Southern Potlikker Soup


Potlikker is the delicious, highly concentrated, vitamin-filled soup that develops as sturdy, leafy greens simmer in well-seasoned cooking liquid. Or, as one connoisseur put it, “Potlikker is the residue that remains from the commingling, heating, and evaporation - anyway, it is in the bottom of the pot.” (source: ourstate.com)


This Potlikker Soup is nutritious and delicious, as this one time Yankee gal was soon to discover. I was very fortunate to be able to use some local heirloom collards from the Bradford family, which are naturally sweet and tender, so much so I have used them raw in my Bradford Collard Slaw and Bradford Collard Salad w/ Peanut Vinaigrette.
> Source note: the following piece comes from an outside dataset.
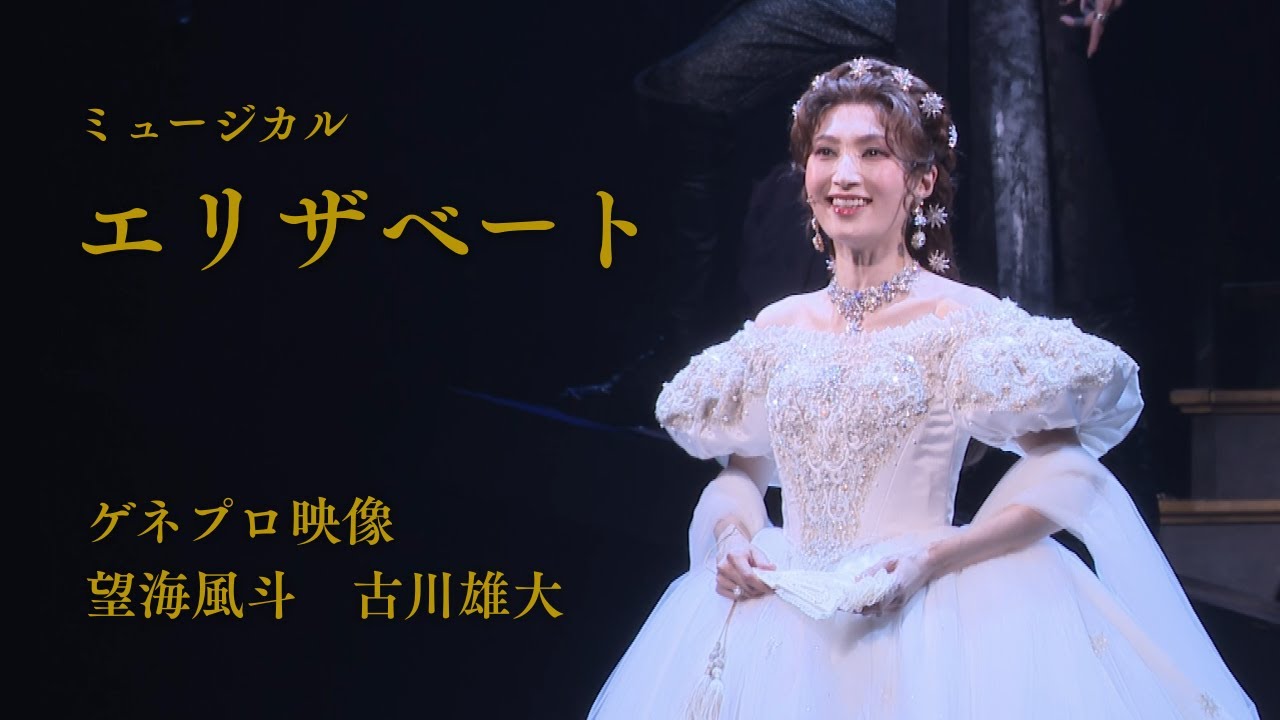 ミュージカル『エリザベート』2025 ゲネプロ映像（望海風斗、古川雄大）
You can use any collard greens you can find. It's best if you find them at a local farm or farmers market, since those will be the freshest, but grocery store collards will work.


Be sure to serve this Southern Potlikker Soup with some nice cornbread to sop up all the liquid. It's so darn delicious you won't want to miss a single drop!


RECIPE
Ingredients
4 cups fresh collard greens
4 slices bacon, cut into 1" pieces
1 cup cooked cubed ham pieces
1 medium onion, diced
2 medium carrots, sliced
2 garlic cloves, minced (or 1 tbsp minced garlic from a jar)
2 cups chicken bone broth
6 cups water
salt and pepper to taste

Method
Cut bacon into pieces and cook in a large sauce pan until crisp; remove with slotted spoon and drain on paper towels. Drain all but 1 tbls. of bacon grease and add onions and carrots. Saute until vegetables become tender, about 5 minutes, scraping up all the brown bits from the bacon. Add garlic and cook for 1 more minute.
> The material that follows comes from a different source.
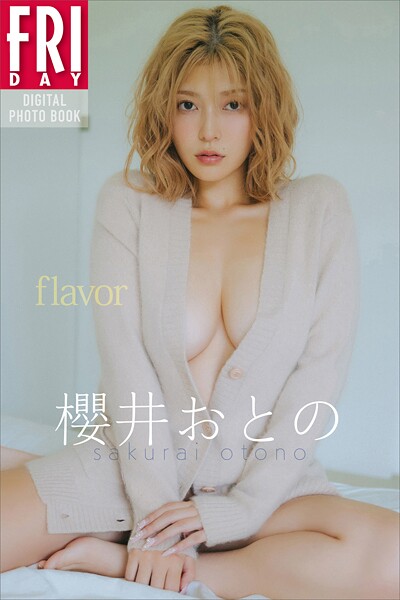 櫻井おとの flavor FRIDAYデジタル写真集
Pour in chicken bone broth and cook until it has reduced some, approx. 30 minutes; season with salt and pepper. Trim stems and roll collard greens into a cigar shape and slice into thin ribbons. Add collard greens, cubed ham pieces, and 6 cups water. Bring to a boil, reduce heat and cook until greens are tender, about 30 minutes. Taste and adjust seasonings as needed.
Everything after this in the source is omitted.